What it takes to recover from a score drop typically depends on addressing the factors that caused your score to drop in the first place.

To begin, it helps to explore recent changes to your credit reports on Credit Karma:

It also helps to stay on top of the key factors that affect your credit scores, keeping in mind how heavily each factor is weighed. Here are some of the most common reasons a score can drop.

Using more of your available credit

Because potential lenders may see using more of your available credit as an indication you could have trouble paying your bills on time, credit utilization is generally considered a high-impact factor. Experts recommended keeping credit utilization under 30%. If your utilization increases during one or more pay cycles, this could cause a score drop.  

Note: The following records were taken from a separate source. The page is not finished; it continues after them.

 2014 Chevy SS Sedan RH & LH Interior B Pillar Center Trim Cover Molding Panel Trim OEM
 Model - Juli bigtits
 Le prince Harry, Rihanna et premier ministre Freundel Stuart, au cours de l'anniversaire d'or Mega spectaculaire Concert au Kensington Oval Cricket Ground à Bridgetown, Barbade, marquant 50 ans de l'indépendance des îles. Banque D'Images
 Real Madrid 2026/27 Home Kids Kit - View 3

Missing a payment on one of your credit accounts

Even if you typically pay off all of your balances on time, just one late payment may take a serious toll on your credit scores. Sometimes even missing one payment can bring down a score by a surprising amount, even if you’ve never missed a payment before.

Closing an old credit account

Closing old accounts means your average age of credit history decreases, which may hurt your scores.

Paying off a loan

While an awesome thing for you, it can change your credit mix and shorten your average age of credit history, which may affect your scores.

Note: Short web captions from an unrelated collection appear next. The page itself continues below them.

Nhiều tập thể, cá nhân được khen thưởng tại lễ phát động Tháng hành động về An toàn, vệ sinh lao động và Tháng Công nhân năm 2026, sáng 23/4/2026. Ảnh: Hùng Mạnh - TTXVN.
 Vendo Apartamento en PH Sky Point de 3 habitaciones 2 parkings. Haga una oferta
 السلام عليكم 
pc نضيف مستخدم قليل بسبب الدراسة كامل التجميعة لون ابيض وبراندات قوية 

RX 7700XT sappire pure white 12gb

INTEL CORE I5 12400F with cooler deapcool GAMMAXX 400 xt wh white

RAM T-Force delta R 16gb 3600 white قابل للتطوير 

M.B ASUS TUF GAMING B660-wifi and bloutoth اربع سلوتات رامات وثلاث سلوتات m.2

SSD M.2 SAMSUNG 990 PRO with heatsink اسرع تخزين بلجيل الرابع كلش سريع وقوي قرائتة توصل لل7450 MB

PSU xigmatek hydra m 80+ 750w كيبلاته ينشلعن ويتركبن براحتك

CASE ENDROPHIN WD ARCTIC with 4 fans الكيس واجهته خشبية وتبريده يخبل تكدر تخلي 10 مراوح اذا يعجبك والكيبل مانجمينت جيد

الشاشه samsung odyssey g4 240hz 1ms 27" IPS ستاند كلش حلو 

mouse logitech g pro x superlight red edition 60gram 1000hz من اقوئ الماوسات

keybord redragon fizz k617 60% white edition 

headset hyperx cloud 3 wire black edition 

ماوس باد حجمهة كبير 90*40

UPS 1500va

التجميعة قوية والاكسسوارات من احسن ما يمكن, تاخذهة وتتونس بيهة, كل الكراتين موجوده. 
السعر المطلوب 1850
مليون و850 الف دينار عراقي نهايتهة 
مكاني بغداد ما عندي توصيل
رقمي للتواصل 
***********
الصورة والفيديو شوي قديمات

Applying for a new financial product  

When you apply for certain financial products such as credit cards or loans, you need to authorize the lender to run a hard inquiry to your credit. Your scores may dip temporarily, but can recover over time depending on this and other credit factors.

Having a new derogatory mark on your report

Derogatory items may include (but are not limited to):

  • a collections account
  • bankruptcy
  • tax lien
  • civil judgment
  • foreclosure

Scoring model changes

Credit scoring models might change how they weigh different factors and your score could adjust based on these changes. Scoring models are kind of like a secret recipe. Since the credit bureaus don’t share all the details of their scoring models, Credit Karma doesn’t know when recipes are changed or what ingredients are getting adjusted.

Multiple changes at once

Sometimes multiple changes to your credit can happen at the same time, making it hard to pinpoint exactly which change caused a score drop.

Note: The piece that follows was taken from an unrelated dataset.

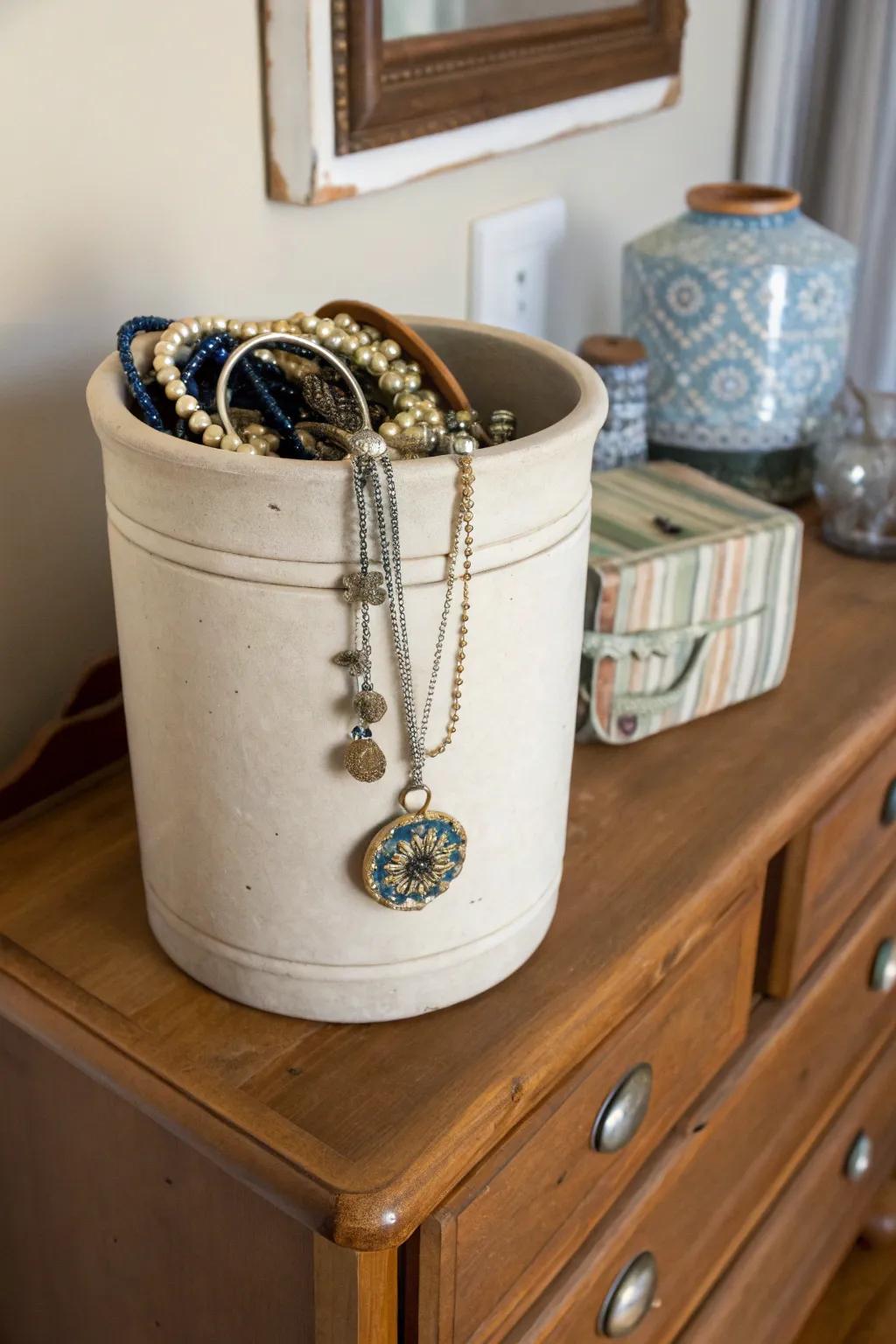 Store your jewels elegantly with a stoneware keeper.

For example, let’s say you take out a new credit card. This could cause a chain reaction of events, depending on your individual credit situation. When you apply for the card, you’ll receive a hard inquiry. Then, depending on how much of the card’s credit limit you use, your credit utilization may go up or down. Your average age of credit history may be shortened. But, if used correctly, having another line of credit may help strengthen your credit profile in the long term.

The best thing to do is keep an eye on all of your credit factors and pay attention to how changes to each one can affect your scores.